Germany is unique economically in terms of the companies that are the engines of GDP. Each is a major exporter, or has large operations overseas, and an exporter of goods and services that still enjoys demand around the world.
At the top of Germany’s corporate giants are auto manufacturers. Of the seven largest companies by revenue, three are car firms — Volkswagen, the biggest corporation in Germany, Daimler, the second largest, and BMW. Daimler makes products other than cars, but its flagship division is Mercedes. Volkswagen is about to get larger because of a tie-up with Porsche.
German car companies are fortunate, perhaps by design. Each has exposure in the weak European car market, but each has substantial exports as well. Volkswagen is the region’s largest car company, but it is also tied with General Motors Co. (NYSE: GM) for sales in China, the world’s largest car market. And its sales in America are surging.
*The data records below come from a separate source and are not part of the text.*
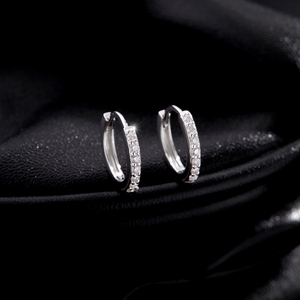 S925 Sterling Silver Trendy Shinning Geometric Moissanite Hoop <b>Earrings</b> for Women Girls Daily OL <b>Fine</b> Jewelry - Product Image 5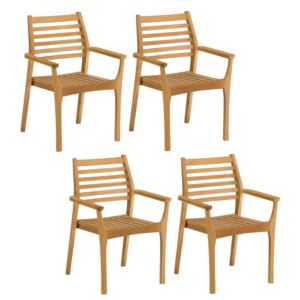 Mera+Stacking+Armchair+-+Teak+-+4+pack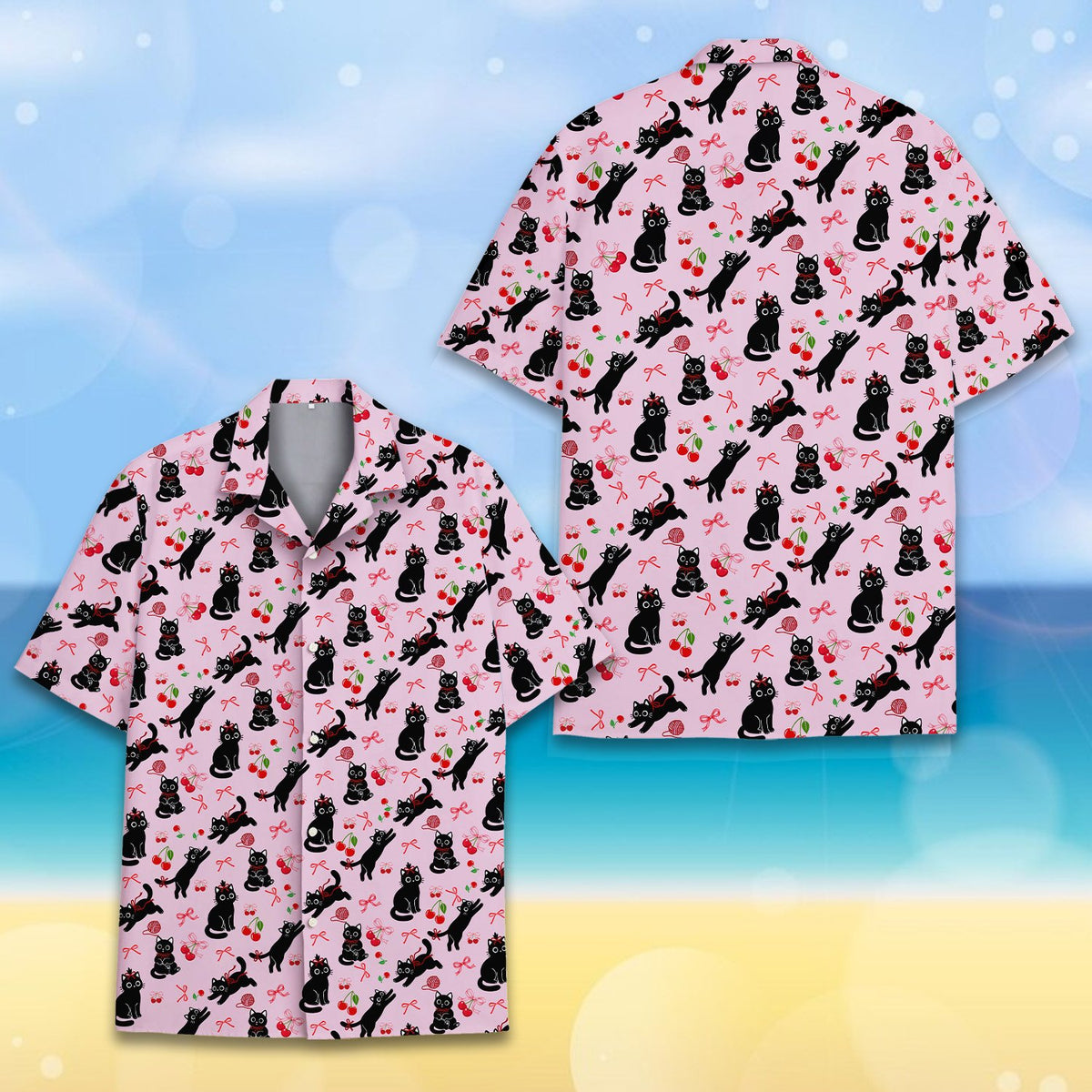 Close-up front view of the black cats and red cherries pajama design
BMW and Mercedes fall into a class of their own. Each is considered among the best car makers in the world. Because of that, each can command high prices for its vehicles, which creates large margins. BWM and Mercedes are the two leading luxury car brands in the United States by sales. Each does particularly well in China. Germany has been able to export superior engineering. Volkswagen has annual revenue of more than $220 billion. Daimler’s is more than $130 billion and BMW’s is nearly $100 billion.
Among Germany’s other largest companies are two financial firms — Allianz and Deutsche Bank. Deutsche Bank is the largest bank in Europe, and among the largest in the world. It has some balance sheet risk in Europe, but its presence in the strong Germany market helps offset that. And Deutsche Bank has large operations outside the European Union that include investment banking and large commercial operations. Allianz is called an insurance company, but it is really a financial services holding firm that also has businesses worldwide. Allianz claims to have 78 million customers, and it is active in money management and banking.
Germany’s fourth largest company — Siemens (NYSE: SI) — is often called the General Electric Co. (NYSE: GE) of Europe. The firm is in so many businesses as a conglomerate that its suffers as GE does. Not all of it electronics, automation, financial and health care operations do well at the same time. And it operates in so many countries that it is hostage to changes in global GDP. With sales of $98 billion, it can count itself as one of the biggest diversified corporations in the world.
Finally, among the huge corporations that make up an outsized portion of German GDP is chemical firm BASF, with sales of more than $80 billion. With primary businesses in agriculture, chemistry and practices, it is cousin to U.S. companies Dow Chemical Co. (NYSE: DOW) and E. I. du Pont de Nemours Co. (NYSE: DD), both of which are smaller than BASF.
If Germany continues to hold its own in the global economy, it will be to some large extent due to seven companies that among them have nearly $850 billion in sales.